Materialize declarative features

Beta

This feature is in Beta. Workspace admins can control access to this feature from the Previews page. See Manage Databricks previews.

After you have created your declarative feature definitions, which are stored in Unity Catalog, you can produce feature data from your source table using the feature definitions. This process is called materializing your features. Databricks creates and manages Lakeflow Spark Declarative Pipelines to populate tables in Unity Catalog for model training and batch scoring or online serving.

For information about serving declarative features, see Serve declarative features.

Requirements

Features must be created with the declarative feature API and stored in Unity Catalog.
For version requirements, see Requirements.
ColumnSelection features can be materialized to online stores. See ColumnSelection materialization.
RequestSource features cannot be materialized because they represent data provided at inference time.

API data structures

`OfflineStoreConfig`

Configuration for the offline store where materialized features will be written. When materialize_features is called, the feature store backend creates tables using this prefix. Each pipeline run materializes the latest feature values to the table according to materialization schedule.

Python
OfflineStoreConfig(
    catalog_name: str,        # Catalog name for the offline table where materialized features will be stored
    schema_name: str,         # Schema name for the offline table
    table_name_prefix: str    # Table name prefix for the offline table. The pipeline may create multiple tables with this prefix, each updated at different cadences
)

Python
from databricks.feature_engineering.entities import OfflineStoreConfig

offline_store = OfflineStoreConfig(
    catalog_name="main",
    schema_name="feature_store",
    table_name_prefix="customer_features"
)

`OnlineStoreConfig`

Configuration for the online store, which stores features used by model serving.

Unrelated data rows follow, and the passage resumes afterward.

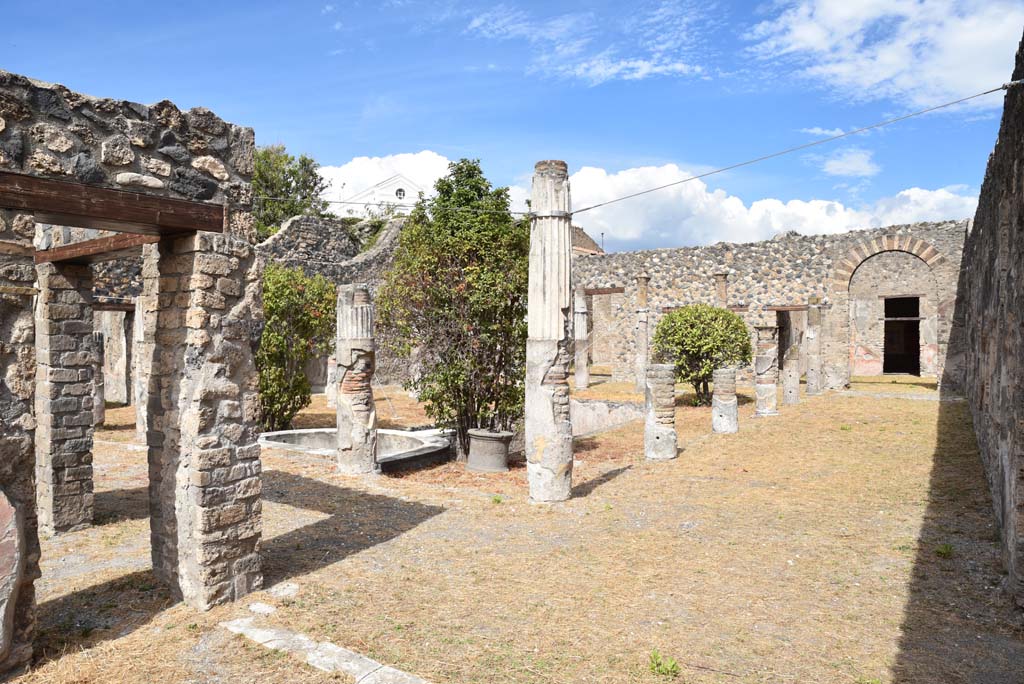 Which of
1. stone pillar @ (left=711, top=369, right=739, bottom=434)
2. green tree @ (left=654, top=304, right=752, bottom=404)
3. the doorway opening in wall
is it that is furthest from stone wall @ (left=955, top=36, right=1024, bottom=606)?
the doorway opening in wall

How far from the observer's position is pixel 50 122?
365cm

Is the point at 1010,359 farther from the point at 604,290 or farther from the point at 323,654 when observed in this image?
the point at 604,290

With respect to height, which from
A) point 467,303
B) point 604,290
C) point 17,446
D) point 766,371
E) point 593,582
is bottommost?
point 593,582

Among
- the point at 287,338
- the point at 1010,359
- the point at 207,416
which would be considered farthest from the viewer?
the point at 287,338

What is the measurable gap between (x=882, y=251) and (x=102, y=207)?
67.7ft

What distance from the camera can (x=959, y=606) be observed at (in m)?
4.38

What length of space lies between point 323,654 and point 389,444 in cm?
732

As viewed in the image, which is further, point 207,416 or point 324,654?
point 207,416

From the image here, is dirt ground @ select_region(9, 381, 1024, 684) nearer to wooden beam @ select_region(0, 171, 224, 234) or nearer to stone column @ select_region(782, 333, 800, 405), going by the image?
wooden beam @ select_region(0, 171, 224, 234)

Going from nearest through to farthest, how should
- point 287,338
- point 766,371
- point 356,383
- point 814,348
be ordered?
point 356,383 → point 287,338 → point 766,371 → point 814,348

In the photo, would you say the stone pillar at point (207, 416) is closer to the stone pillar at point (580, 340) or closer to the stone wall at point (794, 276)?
the stone pillar at point (580, 340)

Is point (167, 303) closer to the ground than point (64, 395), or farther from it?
farther from it

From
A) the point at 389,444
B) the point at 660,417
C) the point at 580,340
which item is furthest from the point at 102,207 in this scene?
the point at 580,340

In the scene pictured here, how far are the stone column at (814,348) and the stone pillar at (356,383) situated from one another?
12795 mm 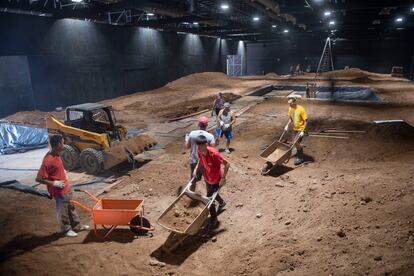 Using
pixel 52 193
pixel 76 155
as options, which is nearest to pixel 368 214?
pixel 52 193

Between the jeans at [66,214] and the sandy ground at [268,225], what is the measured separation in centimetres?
26

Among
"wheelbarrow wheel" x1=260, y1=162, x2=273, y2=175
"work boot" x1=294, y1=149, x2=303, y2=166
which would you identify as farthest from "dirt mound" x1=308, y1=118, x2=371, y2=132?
"wheelbarrow wheel" x1=260, y1=162, x2=273, y2=175

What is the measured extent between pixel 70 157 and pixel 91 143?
2.92 feet

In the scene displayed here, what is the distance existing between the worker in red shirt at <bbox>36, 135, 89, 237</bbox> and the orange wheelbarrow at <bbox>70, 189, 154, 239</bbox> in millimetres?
223

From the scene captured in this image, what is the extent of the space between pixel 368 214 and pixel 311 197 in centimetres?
138

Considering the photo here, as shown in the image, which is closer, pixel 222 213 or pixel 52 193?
pixel 52 193

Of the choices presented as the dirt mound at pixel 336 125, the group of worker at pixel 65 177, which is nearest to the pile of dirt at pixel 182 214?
the group of worker at pixel 65 177

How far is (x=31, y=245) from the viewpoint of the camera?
221 inches

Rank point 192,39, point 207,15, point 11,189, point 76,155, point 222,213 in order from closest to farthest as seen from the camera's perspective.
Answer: point 222,213
point 11,189
point 76,155
point 207,15
point 192,39

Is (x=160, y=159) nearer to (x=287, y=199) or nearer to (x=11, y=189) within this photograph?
(x=11, y=189)

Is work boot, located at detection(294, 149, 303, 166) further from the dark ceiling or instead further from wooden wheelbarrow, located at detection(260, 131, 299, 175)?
the dark ceiling

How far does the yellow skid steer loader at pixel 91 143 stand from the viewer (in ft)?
29.4

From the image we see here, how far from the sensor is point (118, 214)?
548 cm

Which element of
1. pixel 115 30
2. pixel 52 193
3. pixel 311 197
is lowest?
pixel 311 197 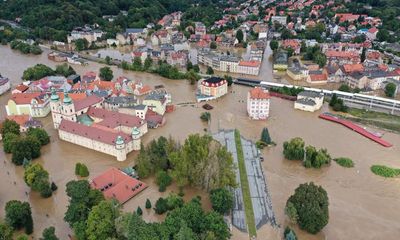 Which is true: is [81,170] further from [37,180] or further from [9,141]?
[9,141]

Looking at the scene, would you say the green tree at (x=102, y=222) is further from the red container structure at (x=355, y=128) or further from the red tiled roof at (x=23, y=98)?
the red container structure at (x=355, y=128)

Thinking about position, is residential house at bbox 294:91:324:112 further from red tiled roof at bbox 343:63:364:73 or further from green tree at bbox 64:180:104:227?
green tree at bbox 64:180:104:227

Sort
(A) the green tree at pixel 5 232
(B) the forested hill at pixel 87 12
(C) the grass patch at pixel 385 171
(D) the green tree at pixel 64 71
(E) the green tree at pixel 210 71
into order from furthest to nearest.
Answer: (B) the forested hill at pixel 87 12 → (E) the green tree at pixel 210 71 → (D) the green tree at pixel 64 71 → (C) the grass patch at pixel 385 171 → (A) the green tree at pixel 5 232

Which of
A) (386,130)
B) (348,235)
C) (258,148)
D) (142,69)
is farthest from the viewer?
(142,69)

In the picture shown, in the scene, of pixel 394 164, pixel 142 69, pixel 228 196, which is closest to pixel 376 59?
pixel 394 164

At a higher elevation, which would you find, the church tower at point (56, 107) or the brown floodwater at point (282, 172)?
the church tower at point (56, 107)

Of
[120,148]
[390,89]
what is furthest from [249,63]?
[120,148]

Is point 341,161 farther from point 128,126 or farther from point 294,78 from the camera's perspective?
point 294,78

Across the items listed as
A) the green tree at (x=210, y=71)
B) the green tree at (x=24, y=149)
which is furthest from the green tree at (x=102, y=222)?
the green tree at (x=210, y=71) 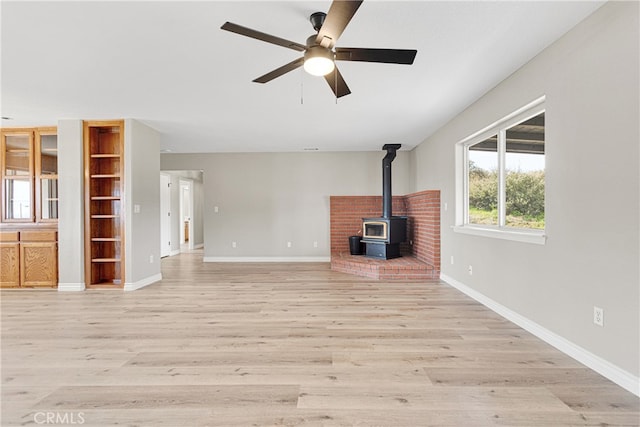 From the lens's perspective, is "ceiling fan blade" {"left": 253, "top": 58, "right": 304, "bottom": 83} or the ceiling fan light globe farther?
"ceiling fan blade" {"left": 253, "top": 58, "right": 304, "bottom": 83}

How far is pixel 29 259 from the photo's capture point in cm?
431

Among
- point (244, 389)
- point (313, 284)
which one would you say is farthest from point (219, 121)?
point (244, 389)

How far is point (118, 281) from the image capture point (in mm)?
4496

Materialization creates Delta tables with the catalog.schema.table_name_prefix, and streams the tables to the Online Feature Store with the same name.

Python
from databricks.feature_engineering.entities import OnlineStoreConfig

online_store = OnlineStoreConfig(
    catalog_name="main",
    schema_name="feature_store",
    table_name_prefix="customer_features_serving",
    online_store_name="customer_features_store"
)

`MaterializedFeature`

Represents a declarative feature that has been materialized, that is, that has a precomputed representation available in Unity Catalog. There is a distinct materialized feature for the offline table and online table. Typically, users will not instantiate a MaterializedFeature directly.

API function calls

`materialize_features()`

Materializes a list of declarative features into either an offline Delta table or to an Online Feature Store. Features must be registered in Unity Catalog before calling this function (for example, using create_feature or register_feature). Locally constructed features that have not been registered will not work.

Python
FeatureEngineeringClient.materialize_features(
    features: List[Feature],                                               # List of declarative features to materialize
    offline_config: Optional[OfflineStoreConfig] = None,                   # Offline store config (aggregation features only)
    online_config: Optional[OnlineStoreConfig] = None,                     # Online store config
    trigger: Union[CronSchedule, TableTrigger],                            # Materialization trigger
) -> List[MaterializedFeature]:

The method returns a list of materialized features, which contain metadata about when feature values are updated and the Unity Catalog tables where features are materialized.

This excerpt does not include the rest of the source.